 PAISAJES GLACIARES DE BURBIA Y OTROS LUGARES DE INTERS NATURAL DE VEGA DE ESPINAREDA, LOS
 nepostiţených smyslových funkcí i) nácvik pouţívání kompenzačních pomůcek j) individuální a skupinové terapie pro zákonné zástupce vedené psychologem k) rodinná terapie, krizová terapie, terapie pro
==
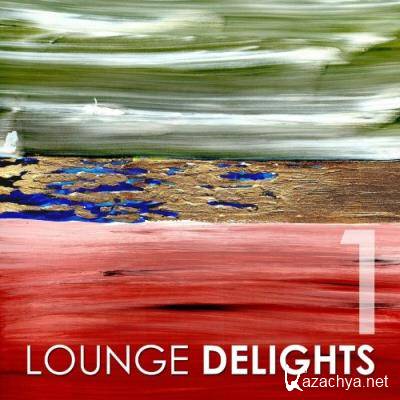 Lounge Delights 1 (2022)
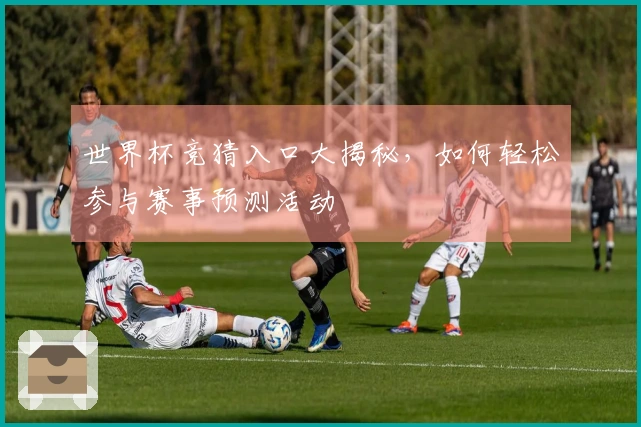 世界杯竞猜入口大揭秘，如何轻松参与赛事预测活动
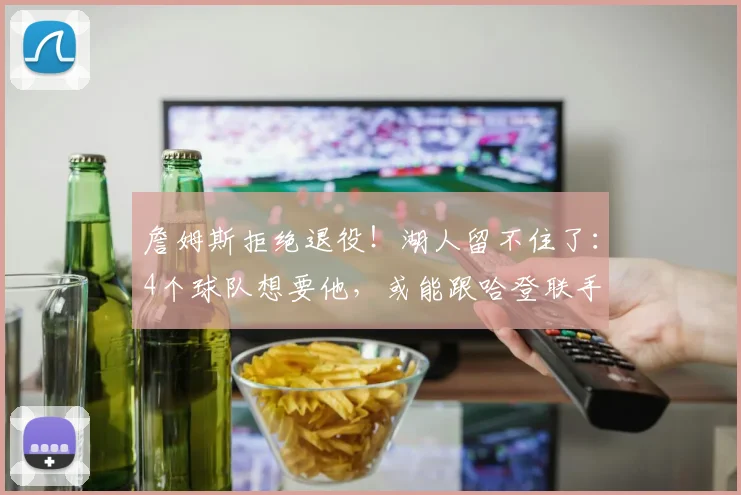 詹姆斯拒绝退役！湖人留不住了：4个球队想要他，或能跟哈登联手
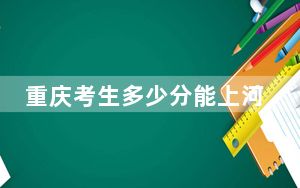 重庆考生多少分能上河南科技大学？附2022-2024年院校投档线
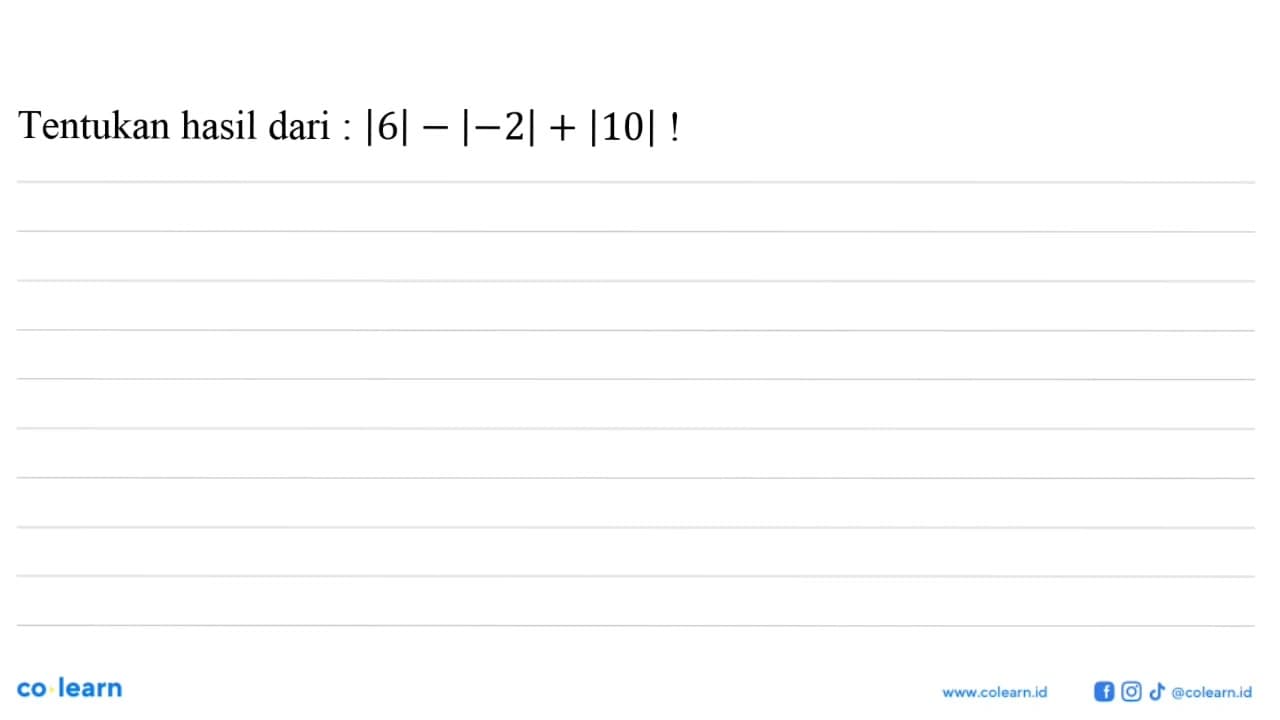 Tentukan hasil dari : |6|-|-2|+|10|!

▶ Directions for this task
Look through the material above. Transcribe exactly the lines between the ones with "Lounge Delights 1 (2022)" and "Tentukan hasil dari : |6|-|-2|+|10|!", inclusive, and keep pictures out.

▶ Result for this task
 Lounge Delights 1 (2022)
 世界杯竞猜入口大揭秘，如何轻松参与赛事预测活动
 詹姆斯拒绝退役！湖人留不住了：4个球队想要他，或能跟哈登联手
 重庆考生多少分能上河南科技大学？附2022-2024年院校投档线
 Tentukan hasil dari : |6|-|-2|+|10|!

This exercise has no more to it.